What you should give back is a precise copy of the lines below from the one containing "Water Flossers for" through the one containing "A close-up view", with no pictures.

Top of MATERIALS PROVIDED

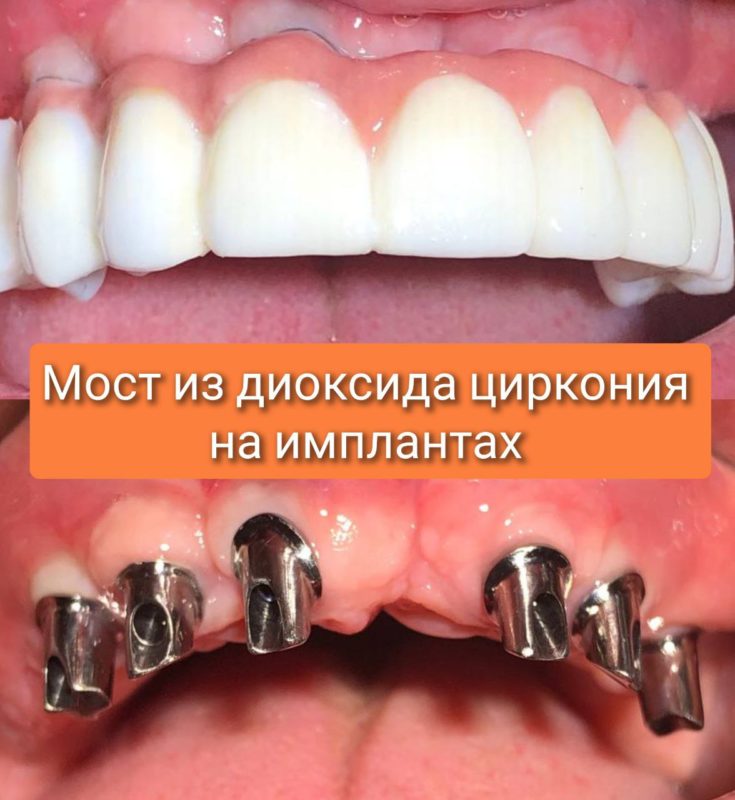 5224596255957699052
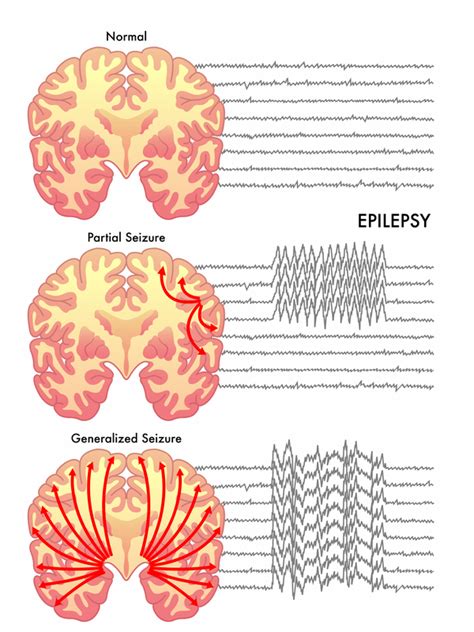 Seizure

Bottom of MATERIALS PROVIDED
Top of MATERIALS PROVIDED

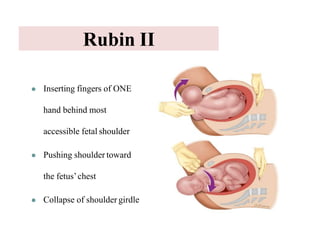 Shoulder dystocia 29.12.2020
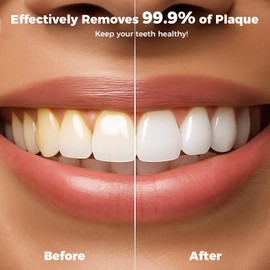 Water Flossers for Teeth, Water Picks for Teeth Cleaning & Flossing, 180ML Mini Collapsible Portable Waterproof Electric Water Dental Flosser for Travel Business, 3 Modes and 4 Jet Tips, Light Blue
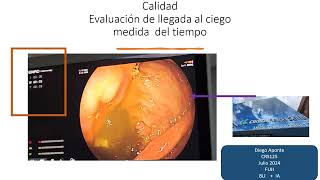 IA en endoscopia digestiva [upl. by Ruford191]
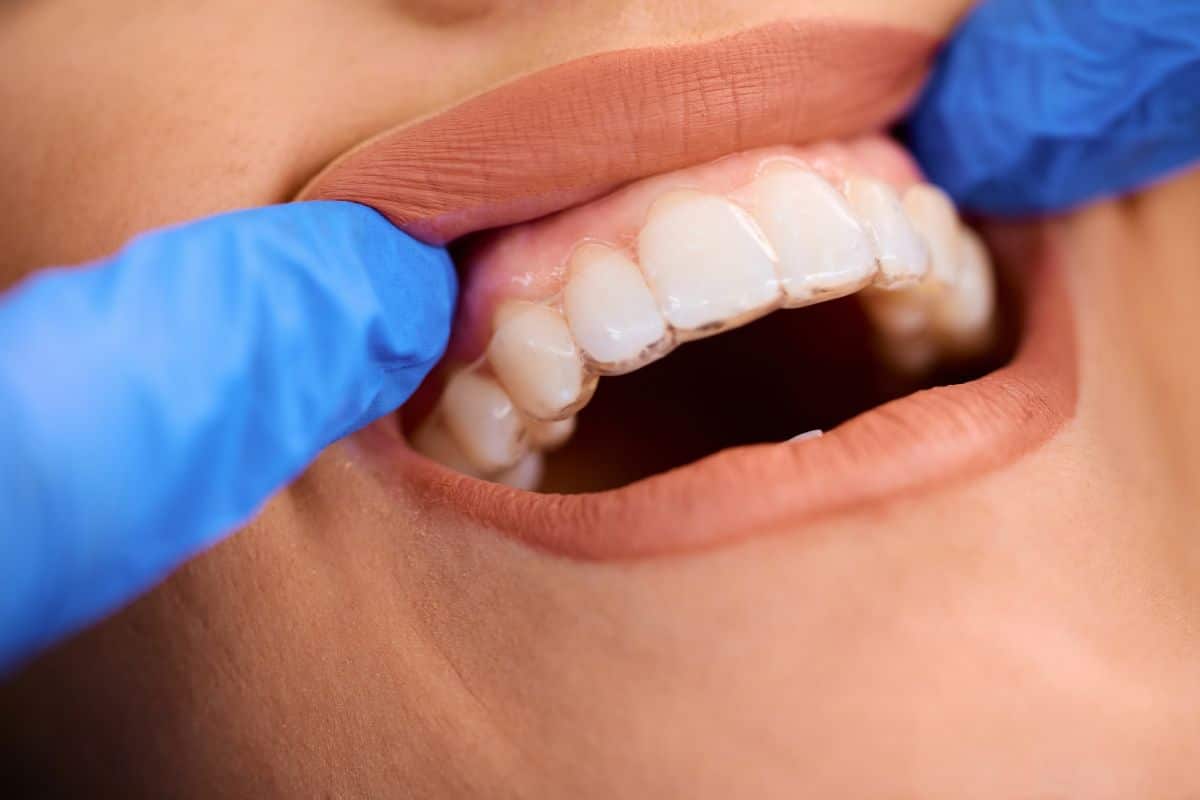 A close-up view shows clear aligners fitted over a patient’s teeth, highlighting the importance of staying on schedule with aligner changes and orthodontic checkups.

Bottom of MATERIALS PROVIDED

WRITTEN SOLUTION:
 Water Flossers for Teeth, Water Picks for Teeth Cleaning & Flossing, 180ML Mini Collapsible Portable Waterproof Electric Water Dental Flosser for Travel Business, 3 Modes and 4 Jet Tips, Light Blue
 IA en endoscopia digestiva [upl. by Ruford191]
 A close-up view shows clear aligners fitted over a patient’s teeth, highlighting the importance of staying on schedule with aligner changes and orthodontic checkups.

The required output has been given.